Please also add O_EXCL to this openat() call (at which point, you don't
need to specify O_NOFOLLOW).

I don't think that a lockfile should be opened with O_EXCL. Requiring
O_EXCL defeats the purpose of the lockfile since the exclusivity
provided by the lockfile is enforced by flock() once you've opened the file.

(Note that I have not reviewed the code in this PR at all but saw this
review comment fly by and thought I'd comment on it)

@jdstrand

jdstrand Sep 6, 2016

Contributor

Heh, of course you are right there. :) I've deleted those two comments.

src/ns-support.c
+ if (group->dir_fd == -1) {
+ die("cannot open directory for namespace group %s", group_name);
+ }
+ char lock_fname[PATH_MAX];
@jdstrand

jdstrand Sep 6, 2016

Contributor

I fear we may be in an 'undefined' area here. The actual full path is sc_ns_dir + '/' + lock_fname so I'm not sure what side-effects there might be if lock_name actually was PATH_MAX - 1. Really this need only be the maximum of SNAP_NAME + .lock + '\0', but I realize we don't want to be that tightly coupled with snapd's definition of how long SNAP_NAME can be.

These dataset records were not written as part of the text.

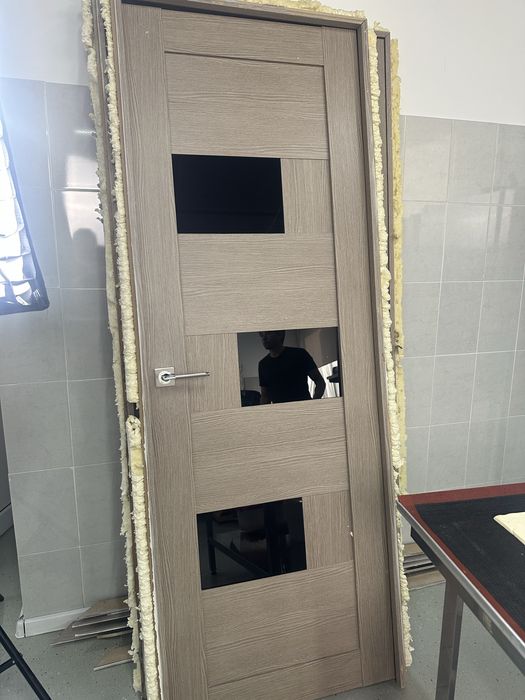 Продам две деревянные межкомнатные двери б/у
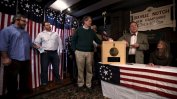 Първичните избори в Ню Хемпшър започнаха със нощно гласуване в малко градче
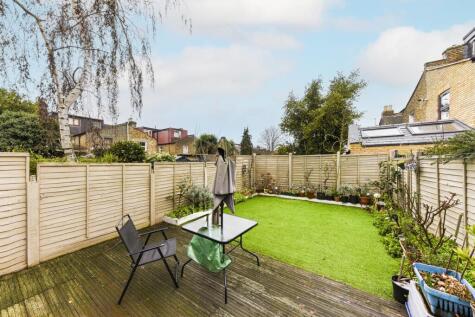 Francis Road, Leyton, E10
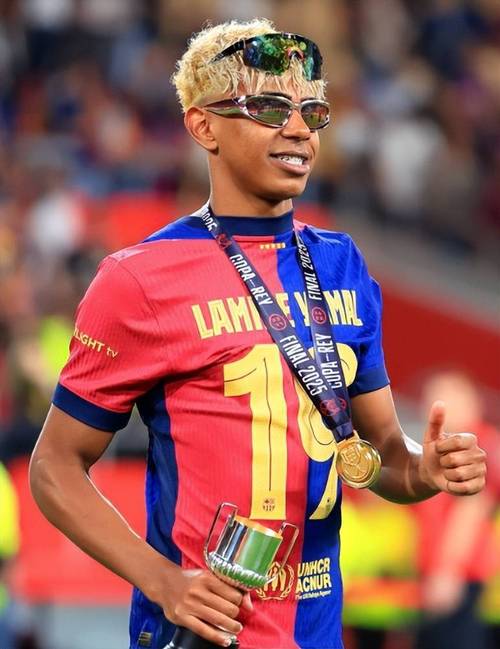 张玉宁打进国安生涯第59球，超越巴坎布成为队史第二射手（张玉宁国安生涯斩获第59球，超越巴坎布升至队史第二射手）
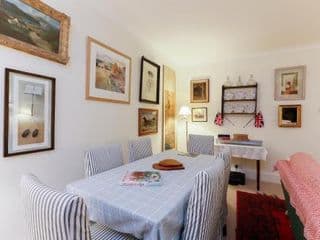 Attractive Chelsea apartment sleeps 4 - Photo 6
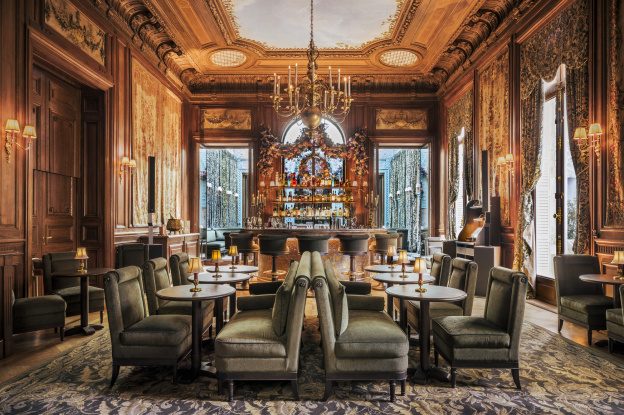 Baronne, le restaurant d'exception de Paris Society, niché dans un hôtel particulier historique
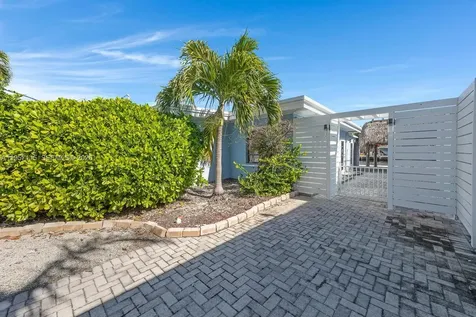 230 Jolly Roger Drive Key Largo FL 33037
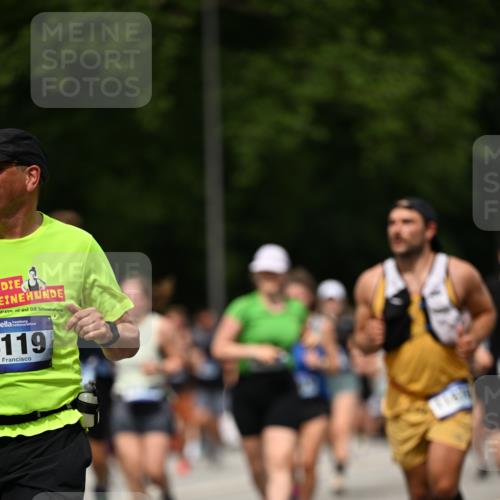 29.06.2025 - hella hamburg halbmarathon Dr. Thomas Lammeyer http://msf.ph/oto/8425858 29.06.2025 10:50:12 Kennedybrücke 1060, 1085, 1426, 1465, 1854, 2217, 2657, 2664, 2846, 2954, 2965, 3357, 3377, 3879, 3993, 4099, 4102, 4119, 4820, 5108, 5703, 5914, 6393, 6763, 6788, 6980, 7530, 7983, 8272, 8594, 11119, 11332, 11393 meine-sportfotos.de
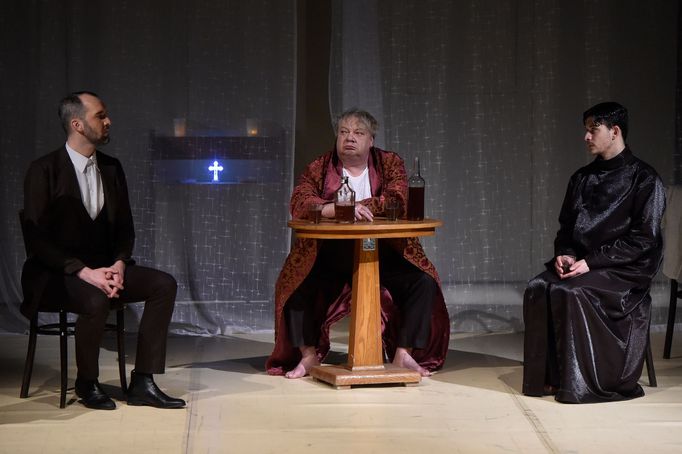 Ondřej Brett jako Ivan, Norbert Lichý v roli starého Karamazova a Václav Švarc coby Aljoša.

Perhaps define this length as PATH_MAX - length of sc_ns_dir + '/' + '\0'?

+ group->name);
+ close(group->dir_fd);
+ close(group->lock_fd);
+ close(group->event_fd);
@jdstrand

jdstrand Sep 6, 2016

Contributor

Might be nice to check if dir_fd, lock_fd and event_fd are all '>= 0' here. I like to also check the return code of close(), but the dir_fd and the lock_fd aren't being written to and event_fd is only written to trigger an event, so not checking should be safe.

@zyga

zyga Sep 8, 2016

Collaborator

They don't have to be >= though, e.g event_fd is only used if required.

+}
+
+void sc_lock_ns_mutex(struct sc_ns_group *group)
+{
@jdstrand

jdstrand Sep 6, 2016

Contributor

It would be nice if sc_lock_ns_mutex() and sc_unlock_ns_mutex() both checked if lock_fd was '>=0'.

@zyga

zyga Sep 8, 2016

Collaborator

Done, with unit tests as well

src/ns-support.c
+ int mnt_fd __attribute__ ((cleanup(sc_cleanup_close))) = -1;
+ mnt_fd =
+ openat(group->dir_fd, mnt_fname,
+ O_CREAT | O_RDONLY | O_CLOEXEC | O_NOFOLLOW, 0600);
@jdstrand

jdstrand Sep 6, 2016

Contributor

Can you add a comment here on why you are not using O_EXCL? AIUI, you want to either open the nsfs mounted file or open the newly created file. It would be good to document that for auditability.

@zyga

zyga Sep 6, 2016

Collaborator

Yes, you are right both in the deduction of the intent and the suggestion to document this better.

@zyga

zyga Sep 8, 2016

Collaborator

Documented

src/ns-support.c
+ // killed before it managed to complete the process.
+ if (errno != EINVAL) {
+ die("cannot re-associate the mount namespace with namespace group %s", group->name);
+ }
@jdstrand

jdstrand Sep 6, 2016

Contributor

Per the setns() man page, EINVAL might be returned for a bunch of reasons. The comment should be updated and the code reviewed to make sure the assumptions regarding EINVAL are still valid.

@zyga

zyga Sep 8, 2016

Collaborator

You are right. I plan to change this a little to call fstatfs() to determine if the opened file descriptor belongs to nsfs or not. This will let us predictably die() when anything goes wrong.

@jdstrand

jdstrand Sep 8, 2016

Contributor

This sounds like a good idea.

src/ns-support.c
+ if (pid == 0) {
+ // This is the child process which will capture the mount namespace.
+ //
+ // It will do so by bind-mounting it the SC_NS_MNT_FILE after
@jdstrand

jdstrand Sep 6, 2016

Contributor

s/it//

@zyga

zyga Sep 8, 2016

Collaborator

Fixed

+ ("changing apparmor hat of the support process for mount namespace capture");
+ if (aa_change_hat("mount-namespace-capture-helper", 0) < 0) {
+ die("cannot change apparmor hat of the support process for mount namespace capture");
+ }
@jdstrand

jdstrand Sep 6, 2016

Contributor

Why aa_change_hat() instead of aa_change_profile()? This seems like a one way operation for the child so aa_change_profile() may be better. Also, I think you can drop -helper since it implies a helper binary (at least to me anyway).

@zyga

zyga Sep 8, 2016

Collaborator

No particular reason, the profile name looked nice.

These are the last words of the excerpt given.